Input material:
+++++
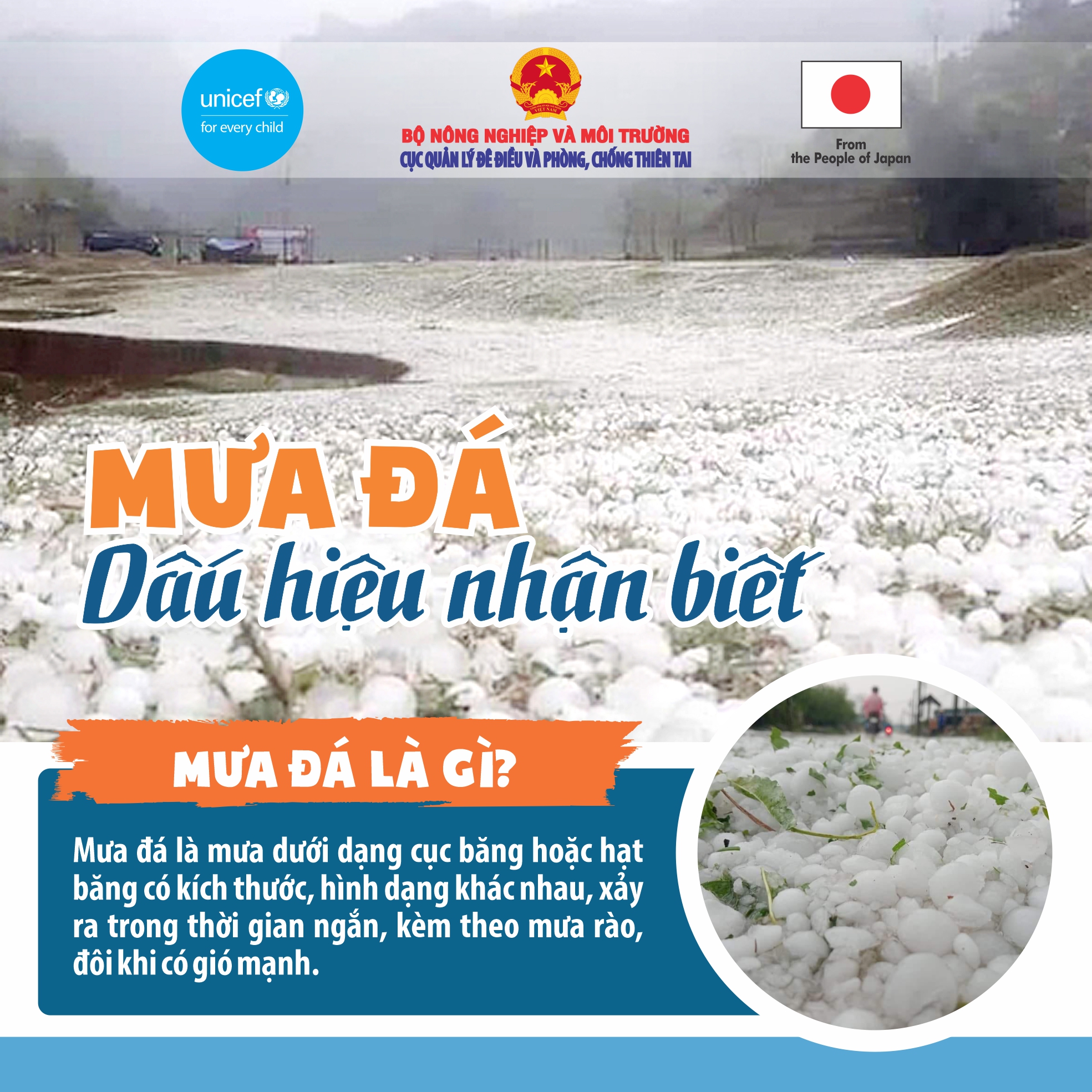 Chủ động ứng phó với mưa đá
+++++
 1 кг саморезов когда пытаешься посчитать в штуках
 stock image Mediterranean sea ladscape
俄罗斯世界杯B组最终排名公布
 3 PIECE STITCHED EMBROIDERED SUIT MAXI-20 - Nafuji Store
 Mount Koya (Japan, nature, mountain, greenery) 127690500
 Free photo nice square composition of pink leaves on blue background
+++++
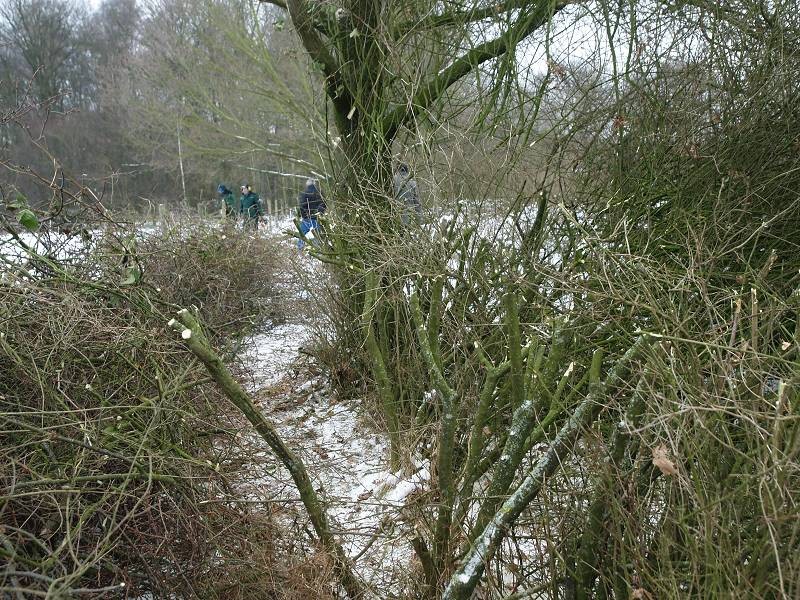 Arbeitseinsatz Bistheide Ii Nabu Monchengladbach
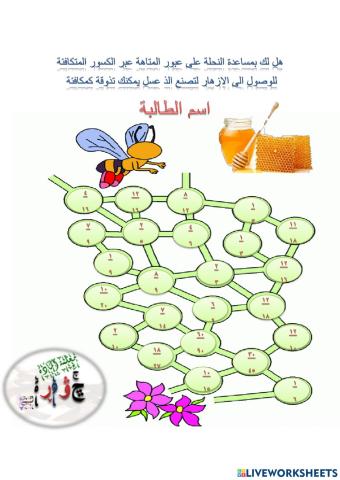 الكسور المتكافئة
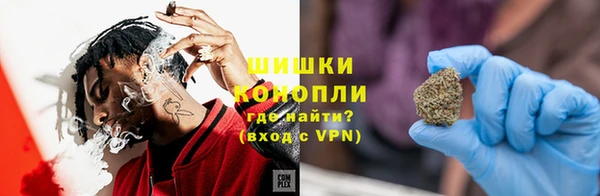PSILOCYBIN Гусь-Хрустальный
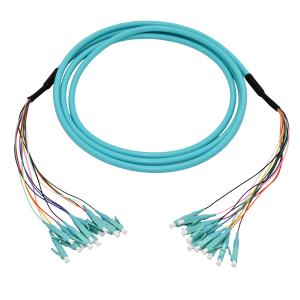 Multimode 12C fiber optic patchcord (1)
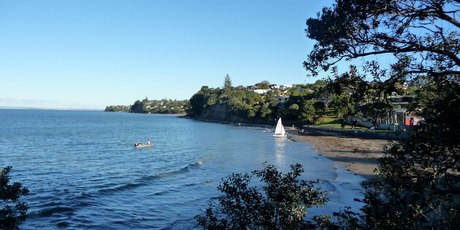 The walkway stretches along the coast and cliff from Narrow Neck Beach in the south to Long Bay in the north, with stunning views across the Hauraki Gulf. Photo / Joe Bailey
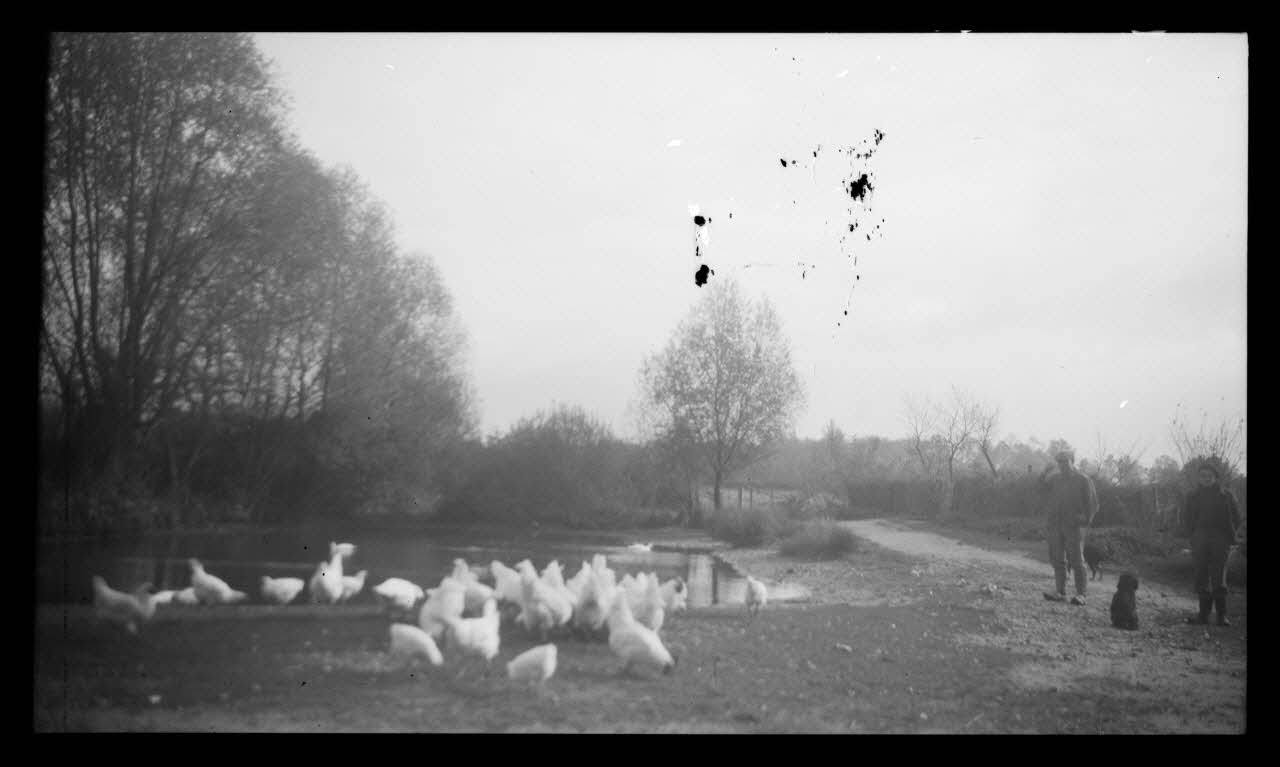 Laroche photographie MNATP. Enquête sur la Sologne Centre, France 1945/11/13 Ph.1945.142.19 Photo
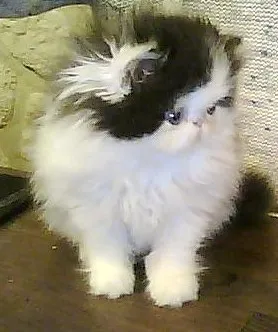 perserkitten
+++++
Your objective: Beginning with the line above that contains "Multimode 12C fiber optic patchcord (1)" and finishing with the line that contains "perserkitten", print those lines exactly and only. Skip all pictures.

The answer:
 Multimode 12C fiber optic patchcord (1)
 The walkway stretches along the coast and cliff from Narrow Neck Beach in the south to Long Bay in the north, with stunning views across the Hauraki Gulf. Photo / Joe Bailey
 Laroche photographie MNATP. Enquête sur la Sologne Centre, France 1945/11/13 Ph.1945.142.19 Photo
 perserkitten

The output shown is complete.